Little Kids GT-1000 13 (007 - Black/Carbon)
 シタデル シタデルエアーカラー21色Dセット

--------------------------------------------------

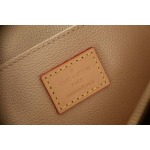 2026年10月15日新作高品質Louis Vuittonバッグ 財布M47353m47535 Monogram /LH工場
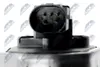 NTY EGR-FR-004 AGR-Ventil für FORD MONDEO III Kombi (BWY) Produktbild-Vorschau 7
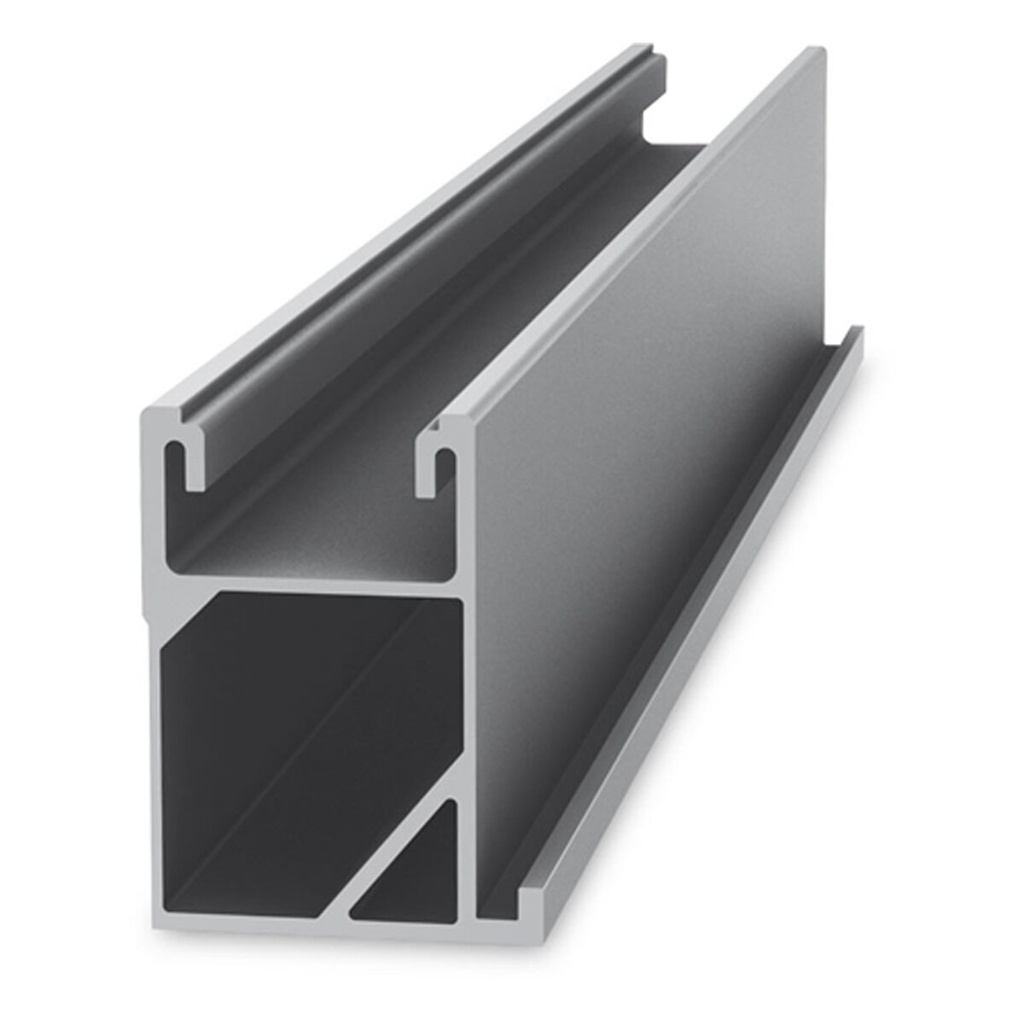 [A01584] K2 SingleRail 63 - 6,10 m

--------------------------------------------------

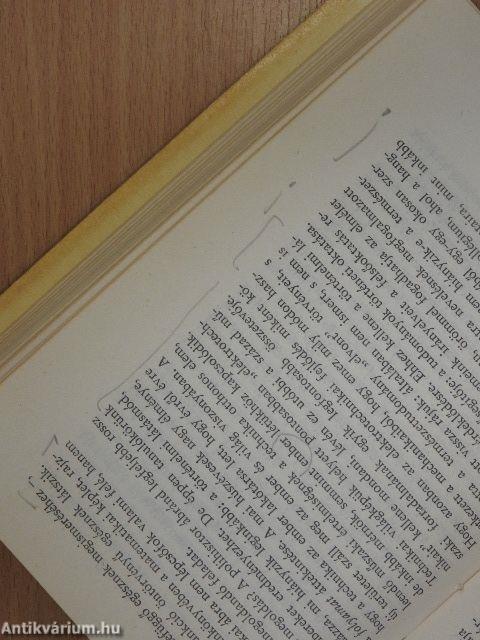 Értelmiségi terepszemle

--------------------------------------------------

Exercise directions
Please, from the material above, copy only the lines from the line with "Little Kids GT-1000 13 (007 - Black/Carbon)" up to and including the line with "シタデル シタデルエアーカラー21色Dセット", exactly as written.

Response to this task
Little Kids GT-1000 13 (007 - Black/Carbon)
 シタデル シタデルエアーカラー21色Dセット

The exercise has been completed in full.